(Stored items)
--- START ---

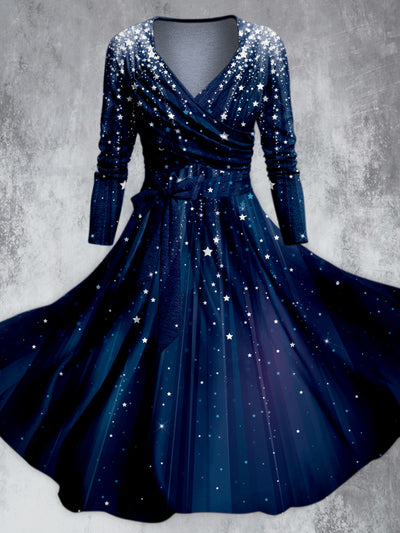 Starlight Print V-Neck Long Sleeve Midi Dress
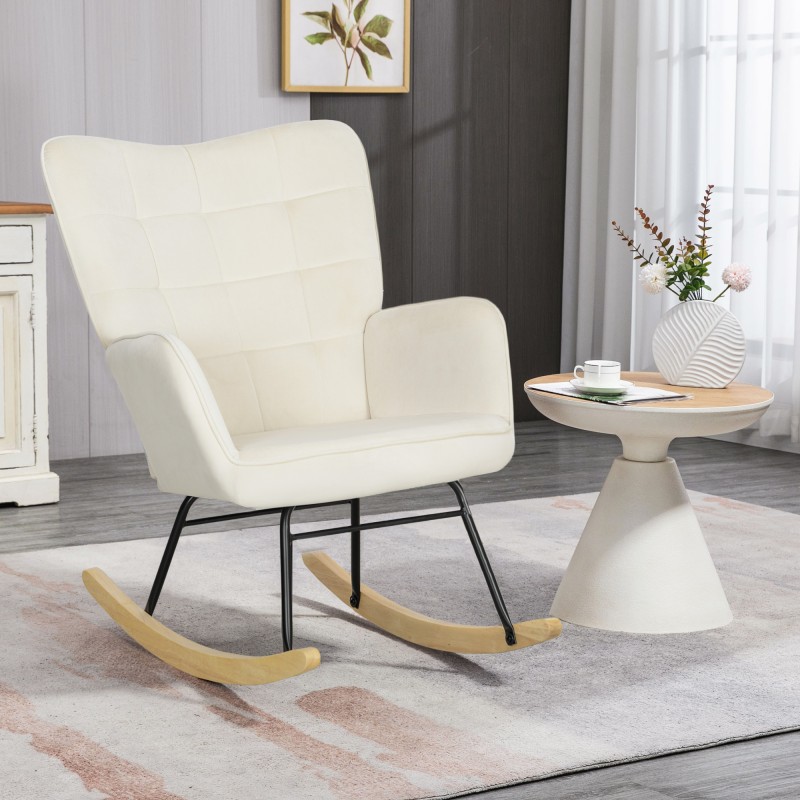 Keinutuoli leveällä selkänojalla, paksu pehmuste, pyökki/teräsrunko, max 120 kg, beige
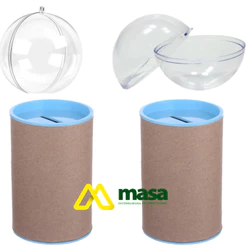 Kit 35 Cofrinhos 10x6 - 35 Esferas Bola Acrilica 6,5 cm -Festa Luxo Cofre Duplo bolinha Lembrancinha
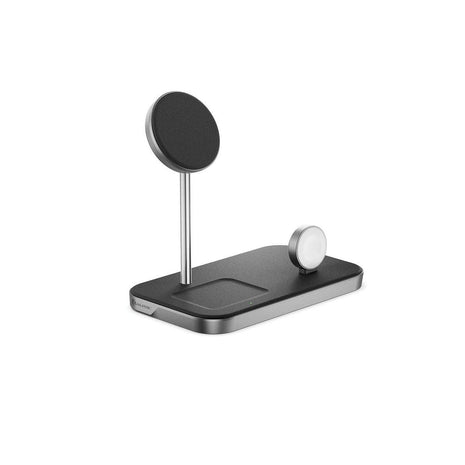 ALOGIC MagSpeed 3-in-1 Wireless Charging Station, MagSafe Compatible Charger for iPhone 15/14/13/12 Series, Apple Watch & AirPods Charging Case, LED Indicator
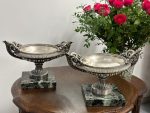 antique silver footed tazza marble base pair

--- END ---

- **TASK**
For this exercise, transcribe the entries verbatim and skip all pictures.

- **EXERCISE SOLUTION**
 Starlight Print V-Neck Long Sleeve Midi Dress
 Keinutuoli leveällä selkänojalla, paksu pehmuste, pyökki/teräsrunko, max 120 kg, beige
 Kit 35 Cofrinhos 10x6 - 35 Esferas Bola Acrilica 6,5 cm -Festa Luxo Cofre Duplo bolinha Lembrancinha
 ALOGIC MagSpeed 3-in-1 Wireless Charging Station, MagSafe Compatible Charger for iPhone 15/14/13/12 Series, Apple Watch & AirPods Charging Case, LED Indicator
 antique silver footed tazza marble base pair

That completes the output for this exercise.